Frederick County sustained widespread damage. Hundreds of power and telephone lines were downed in the county, The News reporting that “crews would actually be busy for months before the final damage (to the power and telephone infrastructure) was repaired. (More than 1,000 poles were reported down in the Middletown area alone.)”

Not only were roads clogged with stranded vehicles (over 100 of which were towed to Frederick alone, in the wake of the storm), but streetcars (also known as trolleys) were stranded wherever they were running at the time the power went out, including the Thurmont Trolley.

Few deaths associated with the storm were reported in the county.  Two were reported as having frozen to death during the storm, and a third (identified only as a man named Pickett of Lisbon) had sustained a heart attack while shoveling snow.

On March 7, The Sun identified the two individuals who had frozen to death as having been Catherine B. Overs, 30, of Lime Kiln, and Thomas D. Tyler, 25, of Buckeystown.  According to The News, Tyler’s body had been spotted by a passing train crew. Overs’ body was also located by the train crew less than 500 yards from that of Tyler’s.

The newspaper reported that Overs and Tyler had abandoned a stalled car that had originally contained six individuals altogether, and they had struck out on foot to seek help.

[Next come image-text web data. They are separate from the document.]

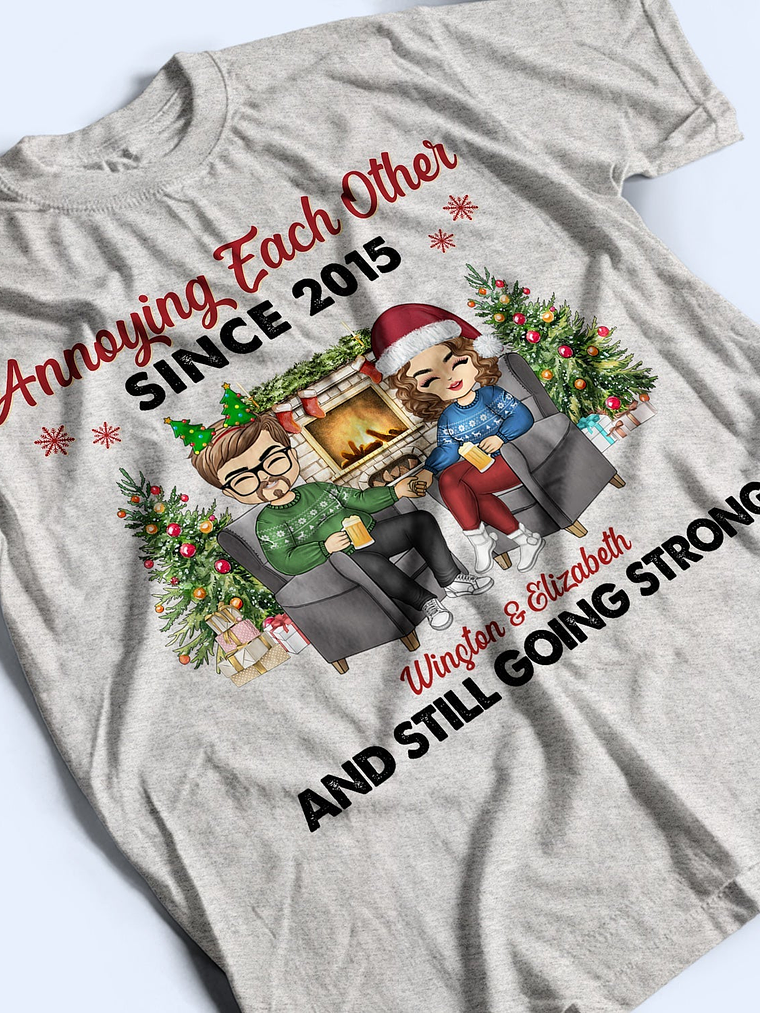 Christmas Family Chibi Old Couple Annoying Each Other Since - Gift For Couples - Personalized Custom Hoodie 3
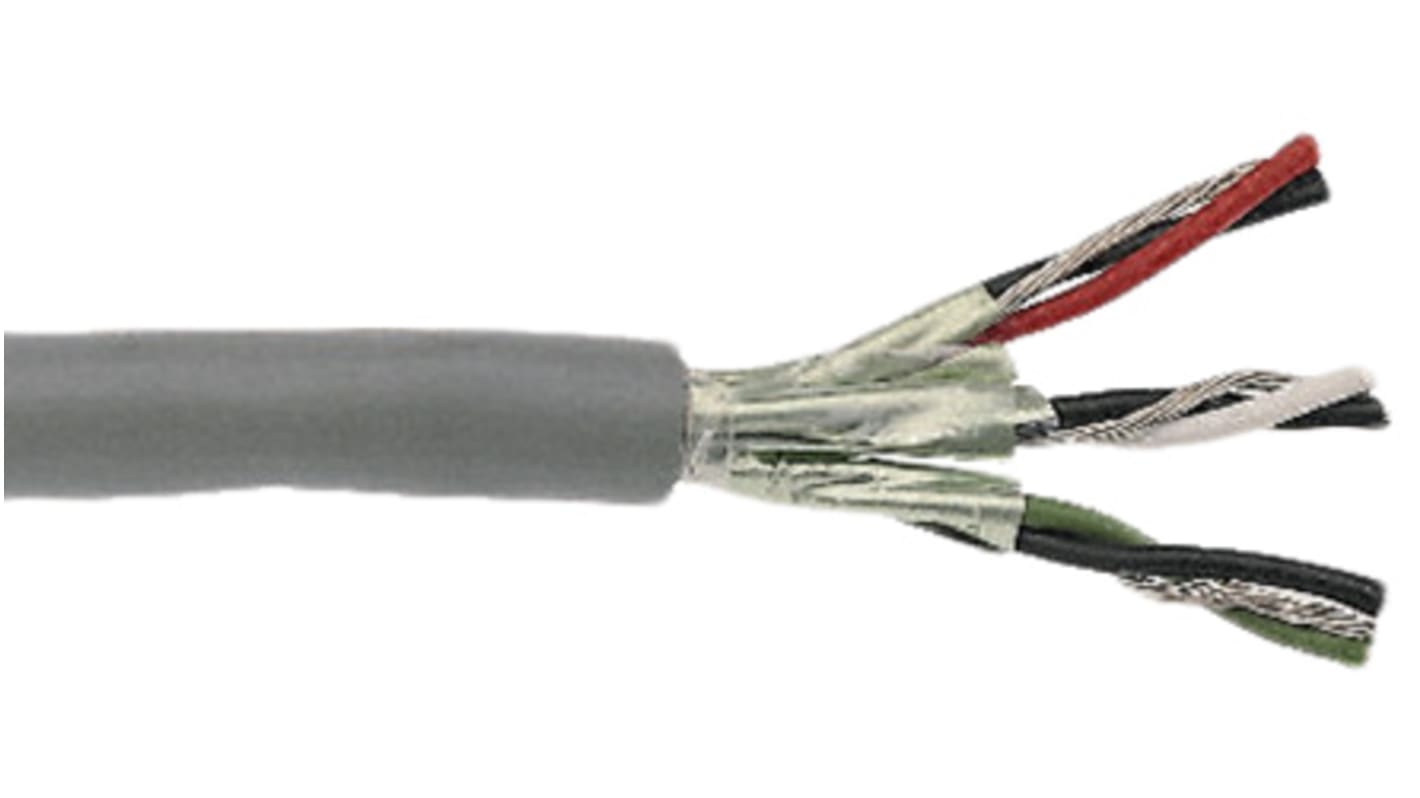 Cable de datos apantallado Control Alpha Wire Alpha Essentials Communication & Control de 6 conductores, 3 pares, 0,23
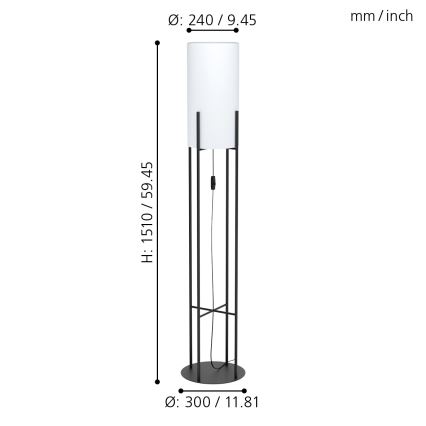 Eglo - Stehlampe 1xE27/60W/230V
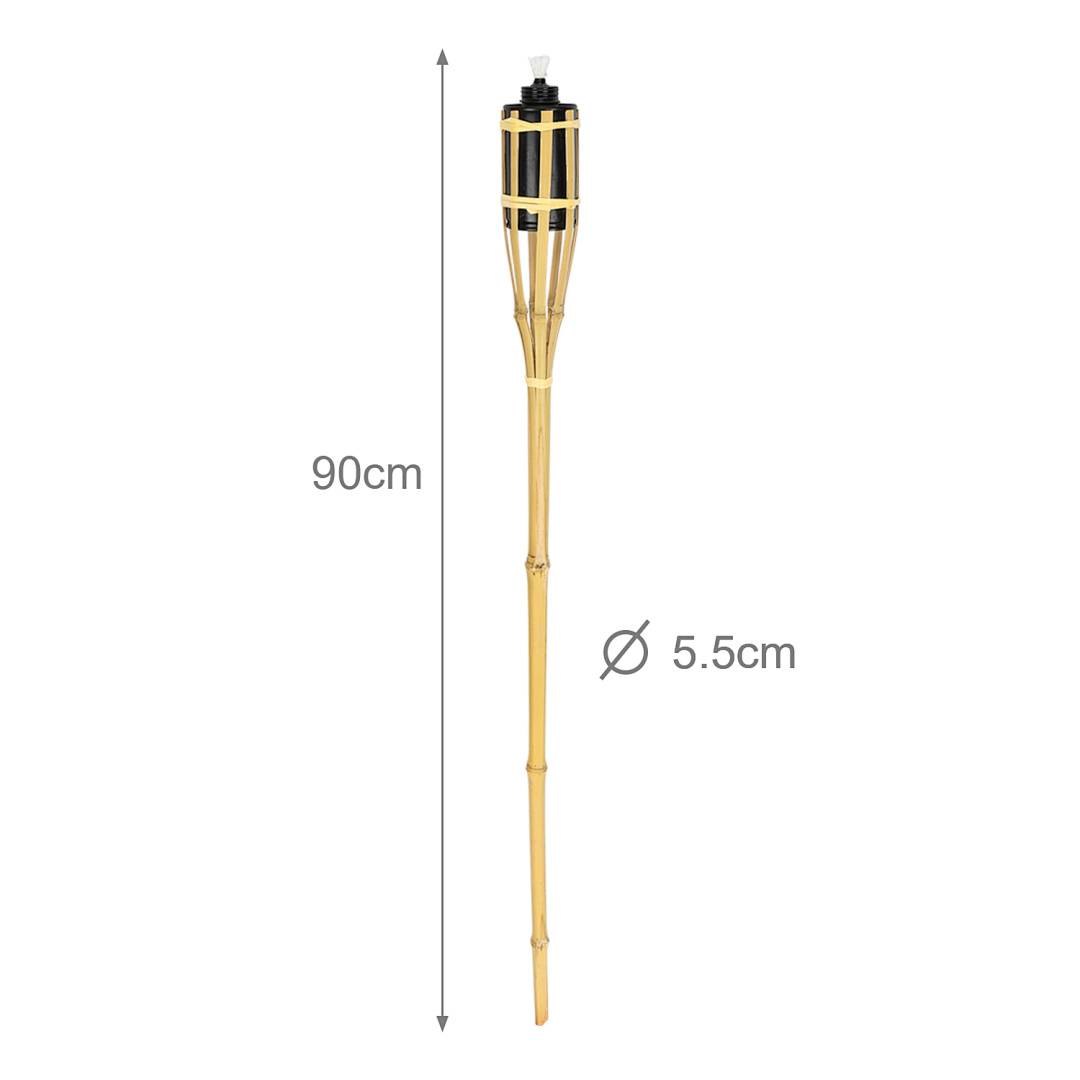 12er-Set Gartenfackeln aus Bambus und Eisen 90 cm naturfarben mit Öl für den Außenbereich<br>24er-Set Gartenfackeln aus Bambus und Eisen 90 cm natu
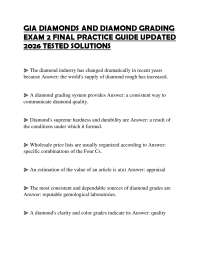 GIA DIAMONDS AND DIAMOND GRADING EXAM 2 FINAL PRACTICE GUIDE UPDATED 2026 TESTED SOLUTIONS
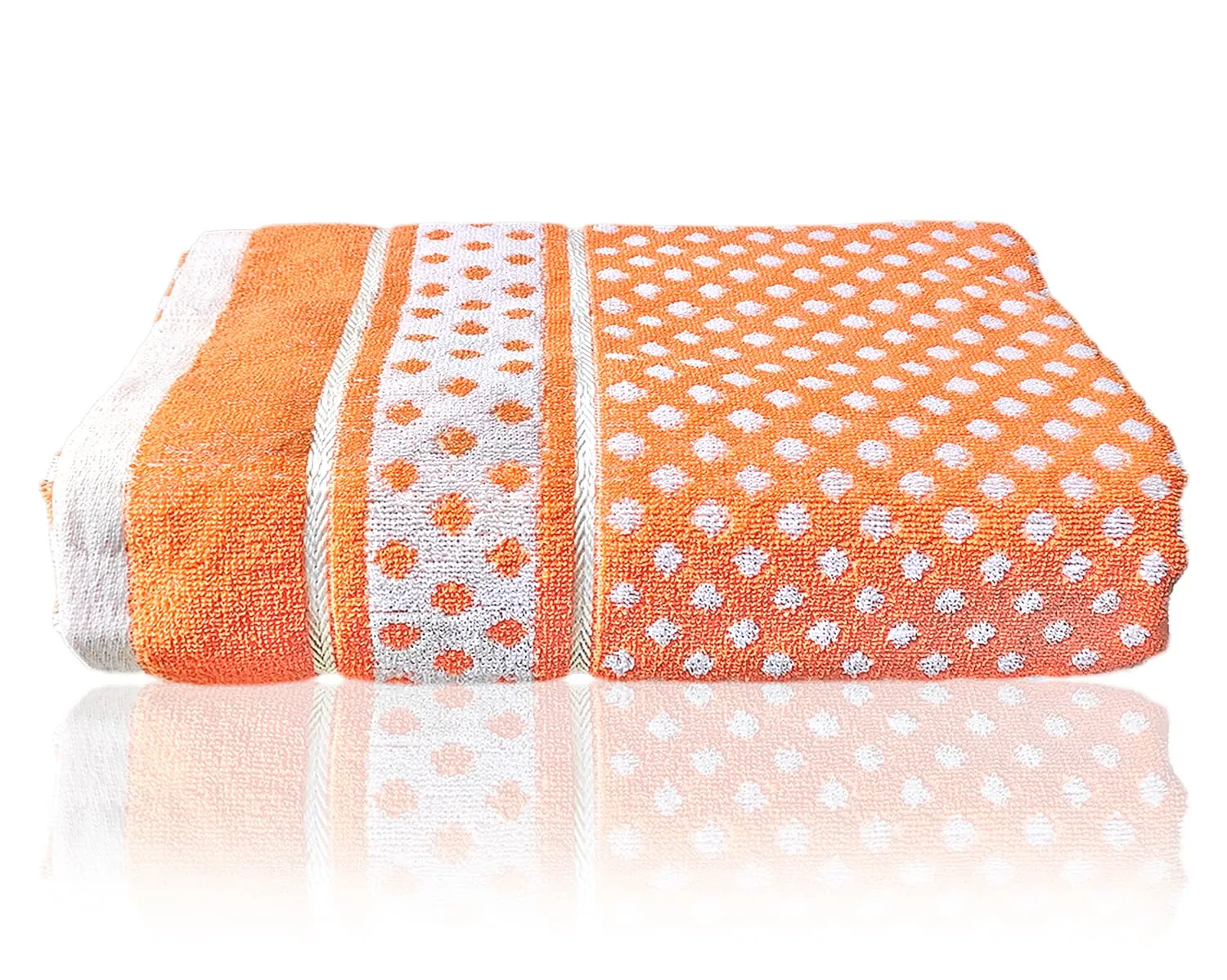 Kuber Industries Multiuses Dot Printed Soft Cotton Bath Towel, 30"x60"- Pack of 4 (Orange & Sky Blue)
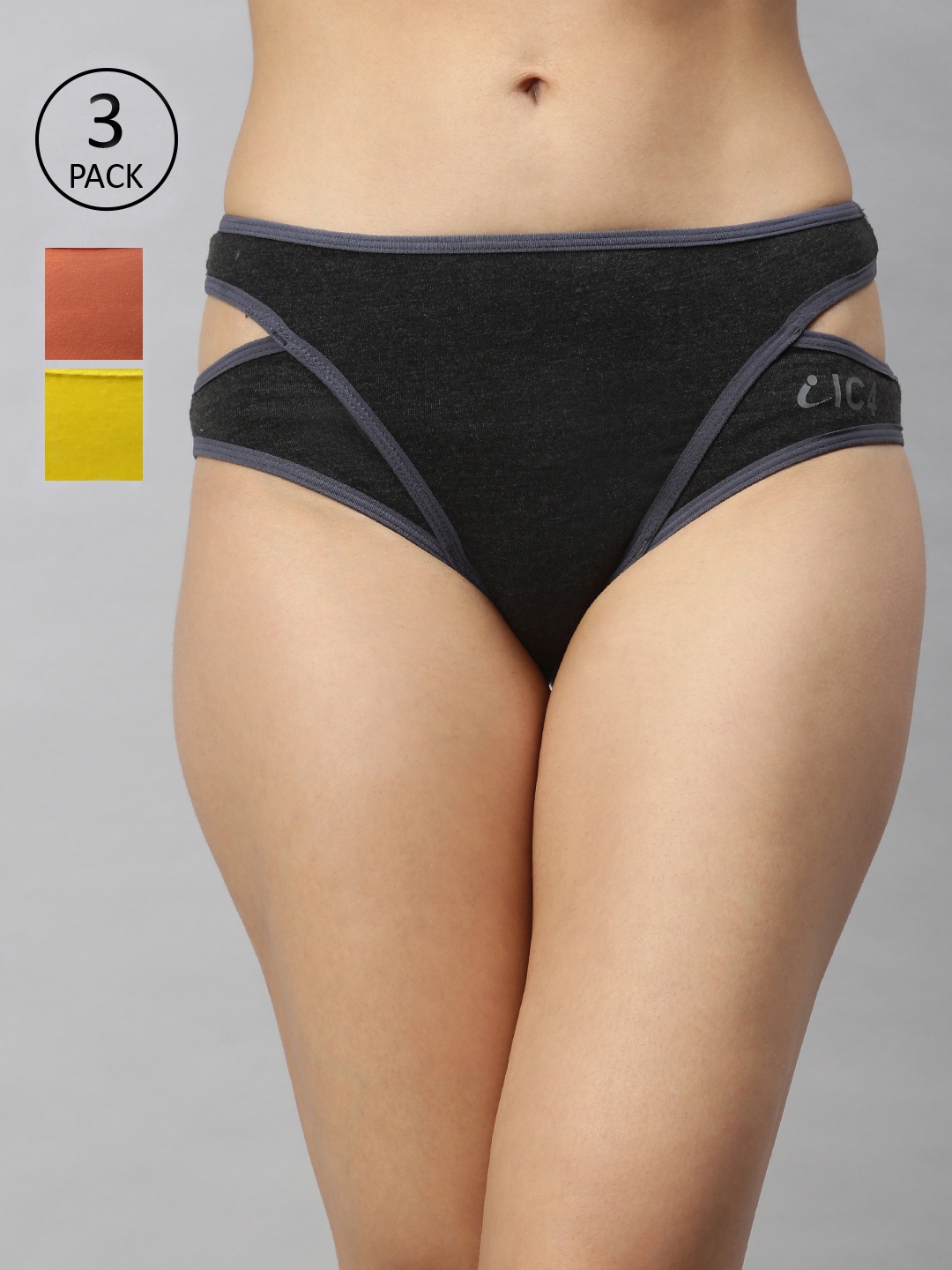

IC4 Women Pack of 3 Designer Hipster Briefs 0COY1004P3, Charcoal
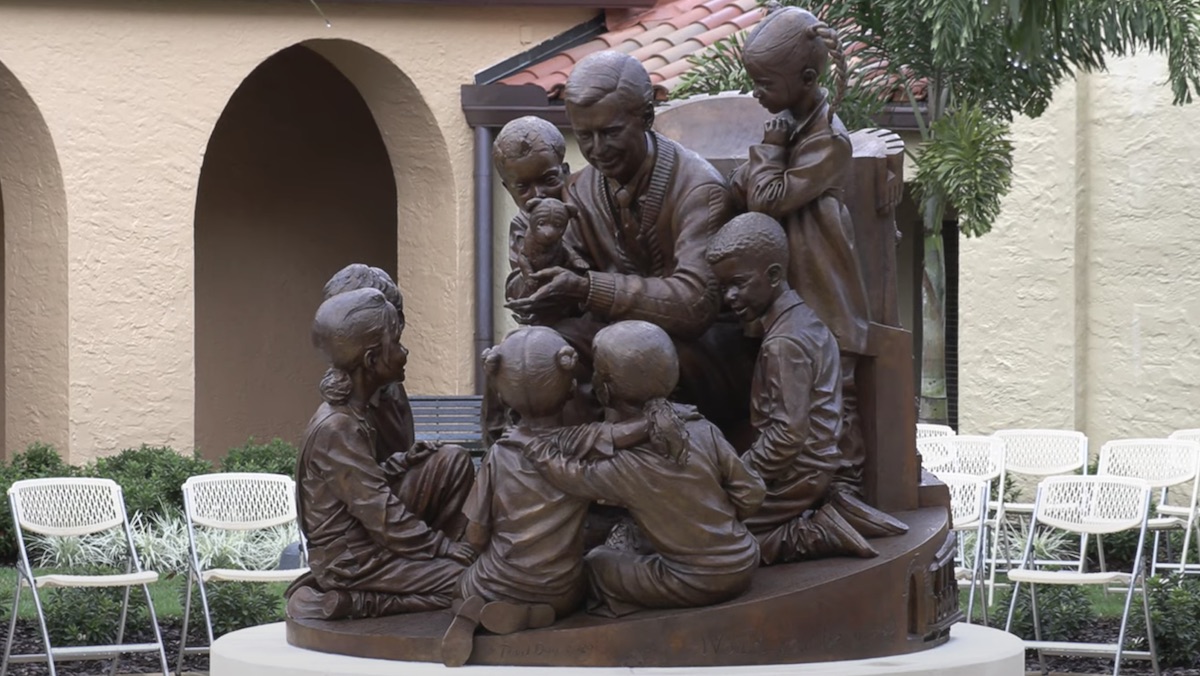 A 7-foot tall statue of Fred Rogers and children at his alma mater Rollins College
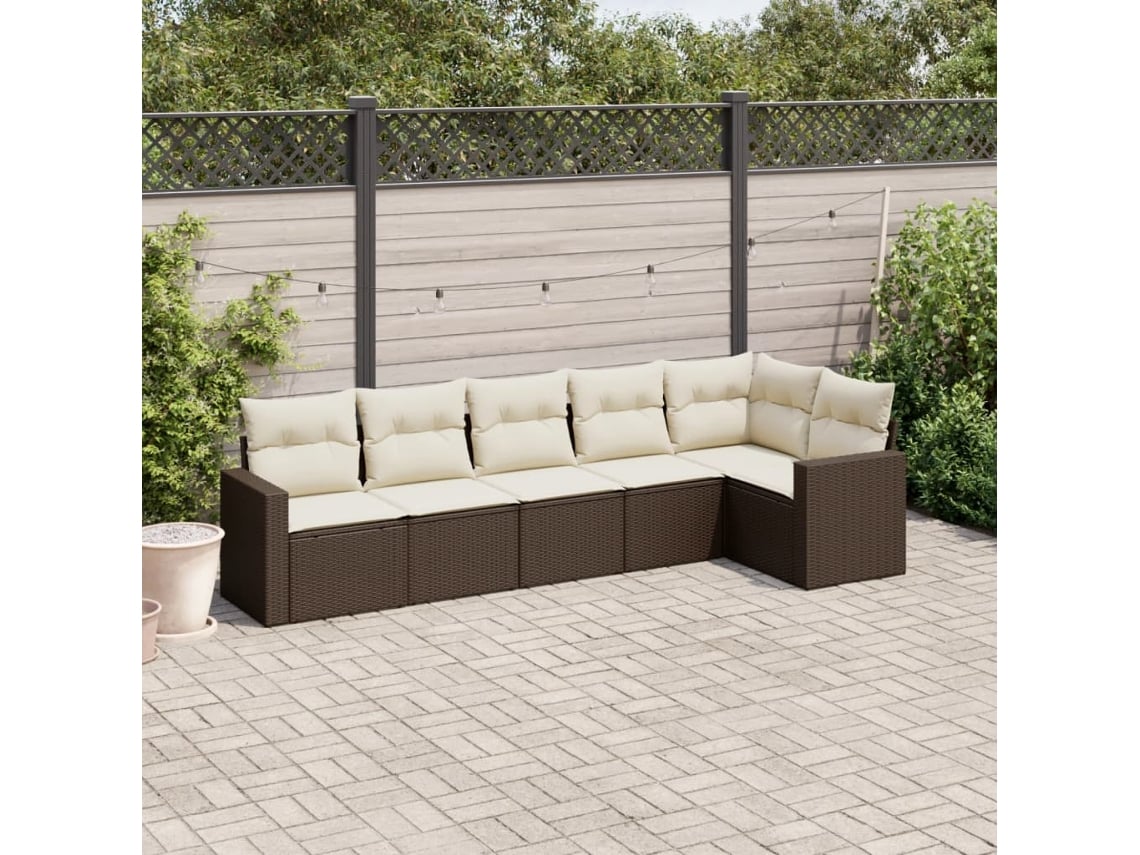 Conjunto 6 de Sofás Jardim com Almofadões VIDAXL Vime Pe Castanho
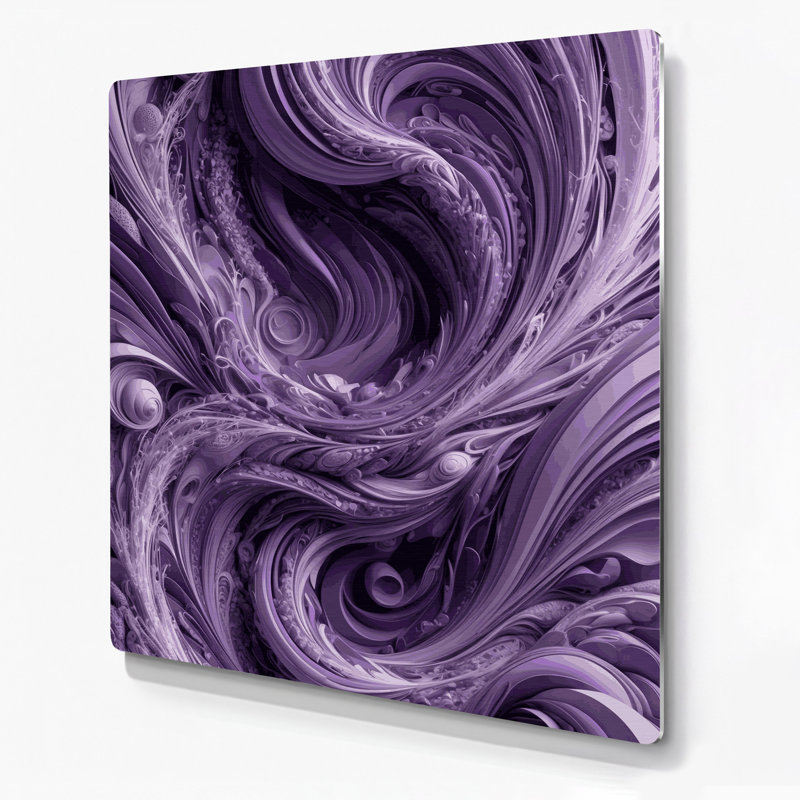 Abstraction numérique 61, art mural en métal mauve, H 16 po x l 16 po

The Sun further reported that Overs and Tyler “left the car and tried to make their way over the tracks of the Baltimore and Ohio Railroad to a farmhouse, but were apparently blinded by the storm and became lost.”

The four individuals who had remained in the stranded car were subsequently rescued.

Maryland suffered only one additional death, but more than 40 individuals lost their lives in the balance of the storm’s path (including five individuals who drowned when a Coast Guard surf boat capsized).

The News reported on March 8 that Frederick County was essentially isolated from the rest of Maryland for nearly 24 hours, but that the isolation effect had begun diminishing into Tuesday as roads were reopened (the roads from Frederick to Thurmont and Emmitsburg were yet to be cleared). Railroads had been sufficiently cleared to then permit the trains to run, while work continued in restoring the power and telephone infrastructure.

Structural damage was surprisingly limited, with losses primarily involving the loss of shingles and chimneys, along with blown-out windows and damage to doors.